- RECORDS PROVIDED -
>>
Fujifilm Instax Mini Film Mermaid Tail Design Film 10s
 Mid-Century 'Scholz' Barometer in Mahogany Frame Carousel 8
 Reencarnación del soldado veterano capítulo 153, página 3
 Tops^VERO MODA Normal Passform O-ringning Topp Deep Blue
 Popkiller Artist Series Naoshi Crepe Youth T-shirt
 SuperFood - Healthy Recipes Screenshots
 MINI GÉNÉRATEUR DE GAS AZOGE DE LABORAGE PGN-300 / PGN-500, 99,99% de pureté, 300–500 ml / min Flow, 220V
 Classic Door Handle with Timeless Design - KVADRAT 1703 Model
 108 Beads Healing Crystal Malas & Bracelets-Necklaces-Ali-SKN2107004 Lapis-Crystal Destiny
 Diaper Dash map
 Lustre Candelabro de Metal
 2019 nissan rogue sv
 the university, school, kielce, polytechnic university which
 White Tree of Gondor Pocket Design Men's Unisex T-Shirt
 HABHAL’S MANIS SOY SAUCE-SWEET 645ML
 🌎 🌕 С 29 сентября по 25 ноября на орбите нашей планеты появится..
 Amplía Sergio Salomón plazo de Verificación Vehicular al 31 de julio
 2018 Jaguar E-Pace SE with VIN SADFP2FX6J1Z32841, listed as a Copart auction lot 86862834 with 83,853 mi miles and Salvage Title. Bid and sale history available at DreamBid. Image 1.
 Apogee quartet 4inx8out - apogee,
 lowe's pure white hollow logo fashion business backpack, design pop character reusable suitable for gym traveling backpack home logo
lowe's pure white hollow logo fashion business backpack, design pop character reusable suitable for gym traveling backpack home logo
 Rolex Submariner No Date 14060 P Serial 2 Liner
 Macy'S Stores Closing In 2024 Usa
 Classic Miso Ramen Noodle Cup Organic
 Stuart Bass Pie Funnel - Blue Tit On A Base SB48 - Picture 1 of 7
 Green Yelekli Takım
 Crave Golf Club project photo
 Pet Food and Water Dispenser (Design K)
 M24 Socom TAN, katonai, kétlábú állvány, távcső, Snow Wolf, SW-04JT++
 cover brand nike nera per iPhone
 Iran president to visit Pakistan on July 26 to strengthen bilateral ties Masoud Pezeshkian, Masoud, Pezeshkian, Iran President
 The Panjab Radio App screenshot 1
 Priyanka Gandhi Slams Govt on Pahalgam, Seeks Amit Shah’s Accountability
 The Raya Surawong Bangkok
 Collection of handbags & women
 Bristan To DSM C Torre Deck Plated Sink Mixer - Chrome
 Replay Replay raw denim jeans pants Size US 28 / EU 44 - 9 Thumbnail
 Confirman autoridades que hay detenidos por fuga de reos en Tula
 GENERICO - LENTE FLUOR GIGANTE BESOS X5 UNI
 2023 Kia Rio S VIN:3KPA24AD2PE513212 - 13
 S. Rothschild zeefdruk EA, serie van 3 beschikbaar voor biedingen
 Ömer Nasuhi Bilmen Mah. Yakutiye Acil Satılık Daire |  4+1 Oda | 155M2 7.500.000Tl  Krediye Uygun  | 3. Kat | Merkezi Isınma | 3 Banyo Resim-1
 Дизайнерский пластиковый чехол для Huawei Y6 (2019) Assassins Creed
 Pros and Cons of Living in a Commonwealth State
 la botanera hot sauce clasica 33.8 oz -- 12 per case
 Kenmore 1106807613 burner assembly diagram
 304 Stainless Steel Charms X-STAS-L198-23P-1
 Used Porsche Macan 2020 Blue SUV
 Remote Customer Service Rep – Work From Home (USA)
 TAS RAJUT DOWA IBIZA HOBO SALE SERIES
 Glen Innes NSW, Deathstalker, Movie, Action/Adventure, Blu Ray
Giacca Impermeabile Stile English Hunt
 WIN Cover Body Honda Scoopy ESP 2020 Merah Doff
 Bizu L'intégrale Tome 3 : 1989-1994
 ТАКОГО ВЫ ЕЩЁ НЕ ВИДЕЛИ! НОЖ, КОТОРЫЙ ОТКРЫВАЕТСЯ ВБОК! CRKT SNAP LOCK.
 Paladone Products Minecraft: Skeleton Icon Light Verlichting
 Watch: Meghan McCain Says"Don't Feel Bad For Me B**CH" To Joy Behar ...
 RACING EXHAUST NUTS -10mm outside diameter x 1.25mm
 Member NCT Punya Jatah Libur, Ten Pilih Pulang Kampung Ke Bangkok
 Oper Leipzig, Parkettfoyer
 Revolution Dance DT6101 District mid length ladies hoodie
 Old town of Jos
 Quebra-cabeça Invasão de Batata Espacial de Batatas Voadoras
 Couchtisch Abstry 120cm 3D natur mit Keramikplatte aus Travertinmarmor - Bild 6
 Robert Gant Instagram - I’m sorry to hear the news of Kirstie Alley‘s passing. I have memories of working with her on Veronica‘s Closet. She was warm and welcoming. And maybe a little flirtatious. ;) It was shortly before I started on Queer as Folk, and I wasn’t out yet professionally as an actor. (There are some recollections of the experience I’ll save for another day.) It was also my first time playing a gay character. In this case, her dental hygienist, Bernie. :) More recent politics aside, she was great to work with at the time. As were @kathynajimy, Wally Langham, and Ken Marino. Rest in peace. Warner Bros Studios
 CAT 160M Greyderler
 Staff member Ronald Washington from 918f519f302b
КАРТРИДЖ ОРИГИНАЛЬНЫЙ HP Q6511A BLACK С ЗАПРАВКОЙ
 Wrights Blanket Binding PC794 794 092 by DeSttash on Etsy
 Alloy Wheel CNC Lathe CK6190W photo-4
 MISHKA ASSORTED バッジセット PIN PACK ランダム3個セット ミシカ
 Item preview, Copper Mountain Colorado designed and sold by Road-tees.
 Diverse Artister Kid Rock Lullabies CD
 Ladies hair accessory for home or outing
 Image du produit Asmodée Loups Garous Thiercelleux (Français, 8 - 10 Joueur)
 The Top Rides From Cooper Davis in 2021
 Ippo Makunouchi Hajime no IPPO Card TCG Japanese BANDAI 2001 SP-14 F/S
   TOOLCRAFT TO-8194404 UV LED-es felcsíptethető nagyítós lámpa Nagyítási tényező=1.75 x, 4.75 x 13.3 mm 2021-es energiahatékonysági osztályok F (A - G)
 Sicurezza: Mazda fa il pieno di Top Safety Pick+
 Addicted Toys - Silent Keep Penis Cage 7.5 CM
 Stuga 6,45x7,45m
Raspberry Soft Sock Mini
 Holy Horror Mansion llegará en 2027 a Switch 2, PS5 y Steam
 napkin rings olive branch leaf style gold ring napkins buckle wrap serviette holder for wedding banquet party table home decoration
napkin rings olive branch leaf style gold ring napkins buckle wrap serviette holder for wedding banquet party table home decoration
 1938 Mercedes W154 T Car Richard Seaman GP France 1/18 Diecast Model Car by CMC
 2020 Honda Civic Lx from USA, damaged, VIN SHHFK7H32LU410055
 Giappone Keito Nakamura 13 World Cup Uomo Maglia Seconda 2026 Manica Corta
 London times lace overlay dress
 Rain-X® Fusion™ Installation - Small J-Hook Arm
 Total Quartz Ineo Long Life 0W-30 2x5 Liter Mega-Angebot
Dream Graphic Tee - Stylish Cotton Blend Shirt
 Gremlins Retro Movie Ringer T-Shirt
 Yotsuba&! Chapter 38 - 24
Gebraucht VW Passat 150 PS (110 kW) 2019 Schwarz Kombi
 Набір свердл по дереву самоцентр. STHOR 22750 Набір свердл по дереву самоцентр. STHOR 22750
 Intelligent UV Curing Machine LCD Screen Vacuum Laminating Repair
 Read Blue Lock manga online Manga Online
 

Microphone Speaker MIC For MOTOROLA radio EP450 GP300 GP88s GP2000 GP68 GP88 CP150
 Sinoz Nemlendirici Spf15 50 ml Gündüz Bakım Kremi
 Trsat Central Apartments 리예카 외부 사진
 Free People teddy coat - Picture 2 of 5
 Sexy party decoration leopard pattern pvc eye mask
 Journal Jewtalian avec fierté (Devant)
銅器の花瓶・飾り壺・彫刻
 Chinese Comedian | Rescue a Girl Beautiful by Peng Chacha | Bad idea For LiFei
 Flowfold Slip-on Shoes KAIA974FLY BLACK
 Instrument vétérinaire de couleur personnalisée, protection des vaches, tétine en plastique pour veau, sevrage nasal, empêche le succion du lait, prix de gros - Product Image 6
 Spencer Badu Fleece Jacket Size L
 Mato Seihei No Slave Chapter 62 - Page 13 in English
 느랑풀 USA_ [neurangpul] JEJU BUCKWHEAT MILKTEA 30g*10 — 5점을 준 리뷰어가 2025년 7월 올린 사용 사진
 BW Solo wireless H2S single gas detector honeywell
<<
Every line above that holds the string "with" should be copied out.

 Classic Door Handle with Timeless Design - KVADRAT 1703 Model
 2018 Jaguar E-Pace SE with VIN SADFP2FX6J1Z32841, listed as a Copart auction lot 86862834 with 83,853 mi miles and Salvage Title. Bid and sale history available at DreamBid. Image 1.
 Robert Gant Instagram - I’m sorry to hear the news of Kirstie Alley‘s passing. I have memories of working with her on Veronica‘s Closet. She was warm and welcoming. And maybe a little flirtatious. ;) It was shortly before I started on Queer as Folk, and I wasn’t out yet professionally as an actor. (There are some recollections of the experience I’ll save for another day.) It was also my first time playing a gay character. In this case, her dental hygienist, Bernie. :) More recent politics aside, she was great to work with at the time. As were @kathynajimy, Wally Langham, and Ken Marino. Rest in peace. Warner Bros Studios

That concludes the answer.